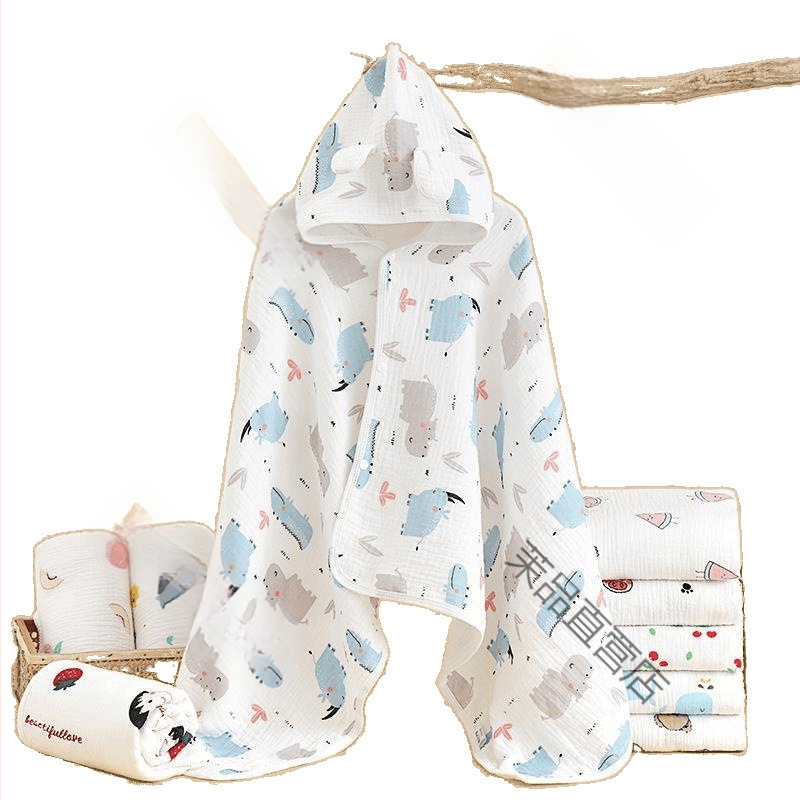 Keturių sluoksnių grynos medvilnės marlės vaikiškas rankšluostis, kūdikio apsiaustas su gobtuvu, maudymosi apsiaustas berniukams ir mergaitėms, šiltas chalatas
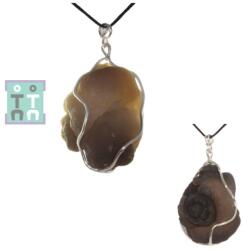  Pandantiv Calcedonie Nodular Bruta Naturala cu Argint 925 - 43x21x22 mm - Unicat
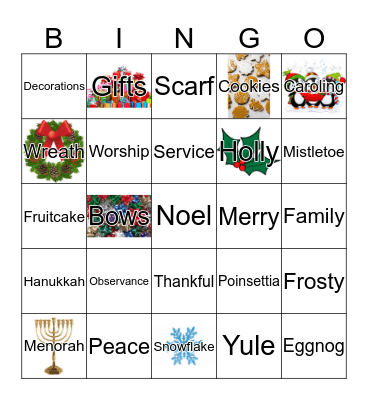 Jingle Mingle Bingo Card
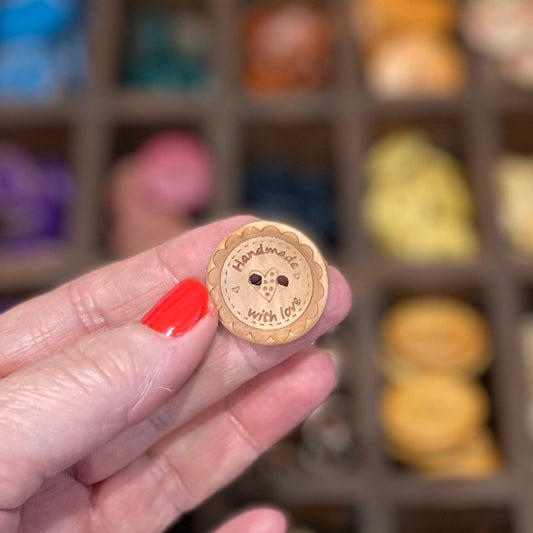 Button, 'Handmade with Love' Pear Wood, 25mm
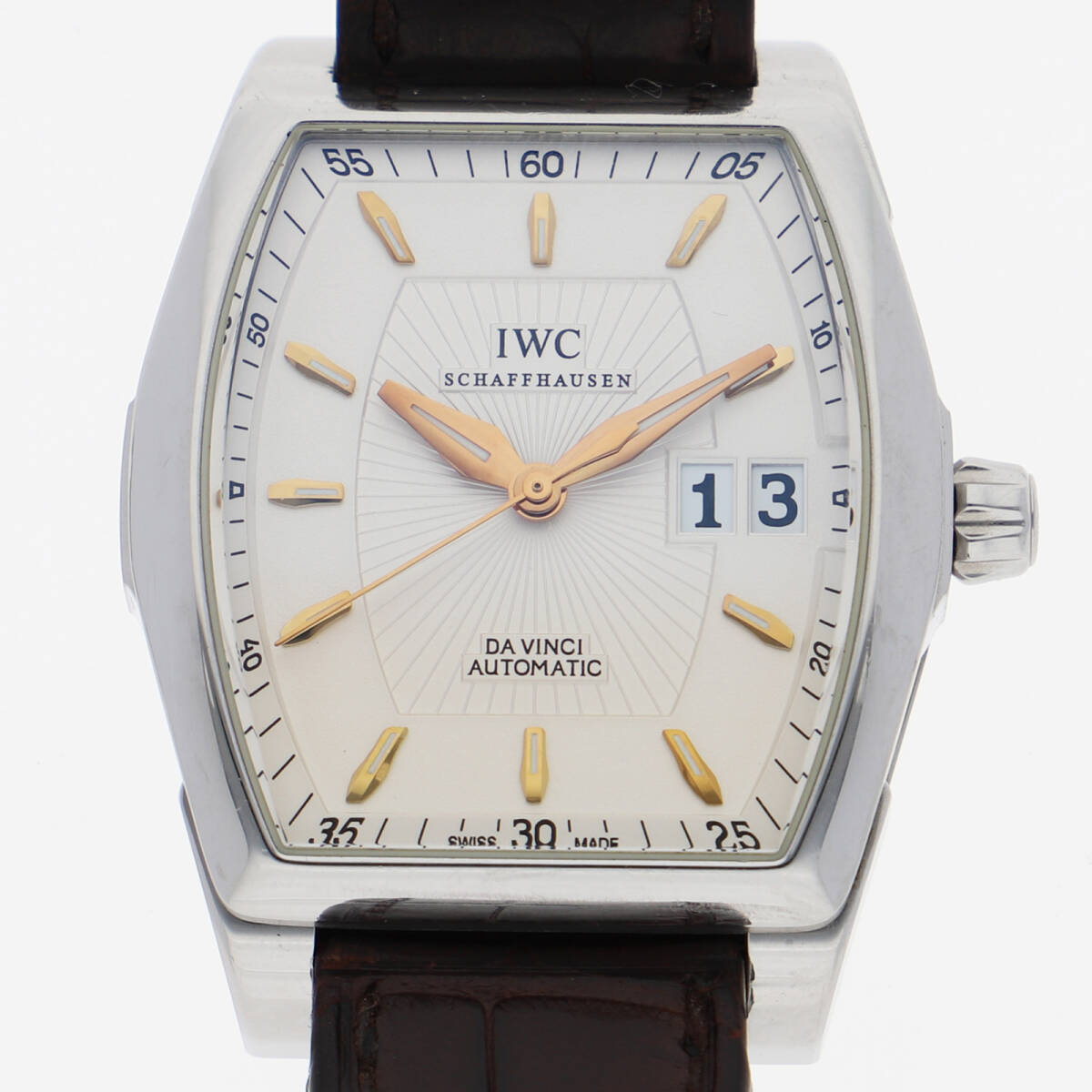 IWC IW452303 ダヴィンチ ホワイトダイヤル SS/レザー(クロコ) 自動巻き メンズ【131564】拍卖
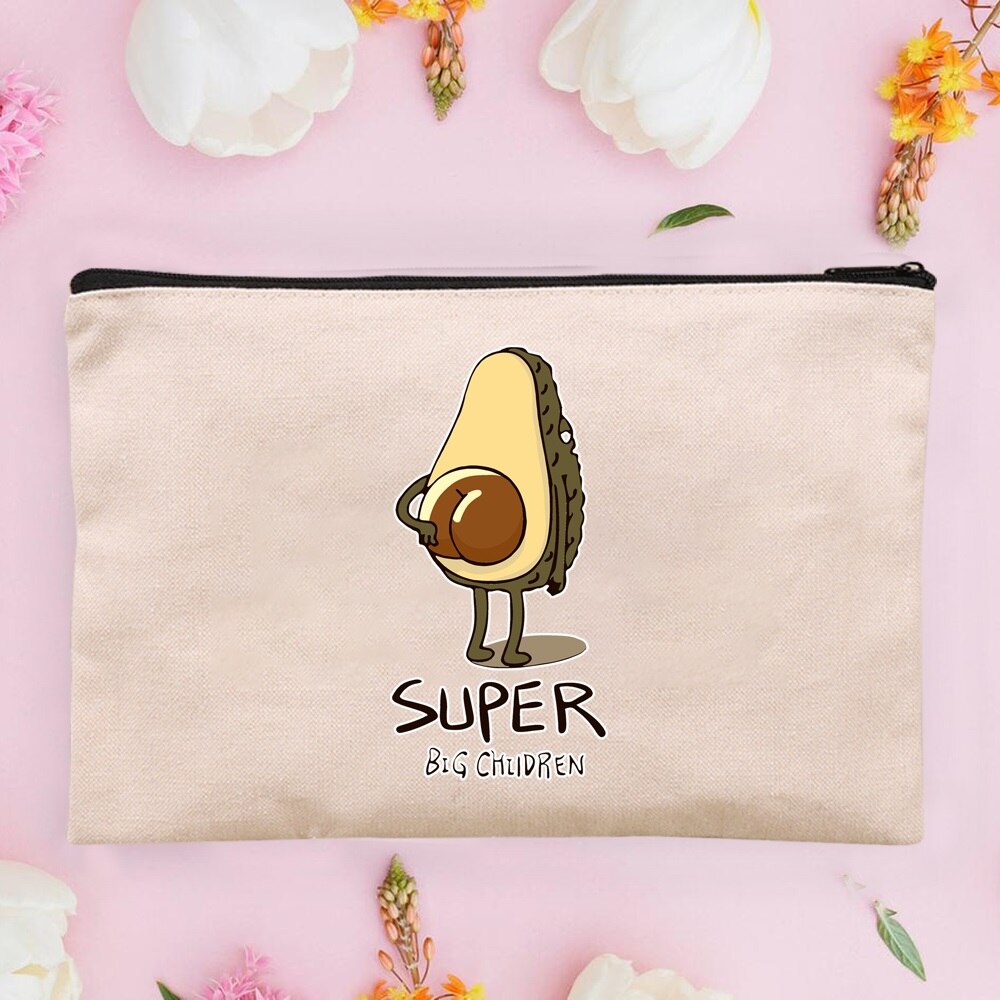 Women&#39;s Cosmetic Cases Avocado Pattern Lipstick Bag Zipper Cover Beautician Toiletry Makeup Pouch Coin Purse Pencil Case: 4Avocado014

▸ **Directions for this task**
The expected output is the lines from the line that contains "Jingle Mingle Bingo Card" through the last line of the material, reproduced exactly, with both ends present and pictures absent.

▸ **Result for this task**
 Jingle Mingle Bingo Card
 Button, 'Handmade with Love' Pear Wood, 25mm
 IWC IW452303 ダヴィンチ ホワイトダイヤル SS/レザー(クロコ) 自動巻き メンズ【131564】拍卖
 Women&#39;s Cosmetic Cases Avocado Pattern Lipstick Bag Zipper Cover Beautician Toiletry Makeup Pouch Coin Purse Pencil Case: 4Avocado014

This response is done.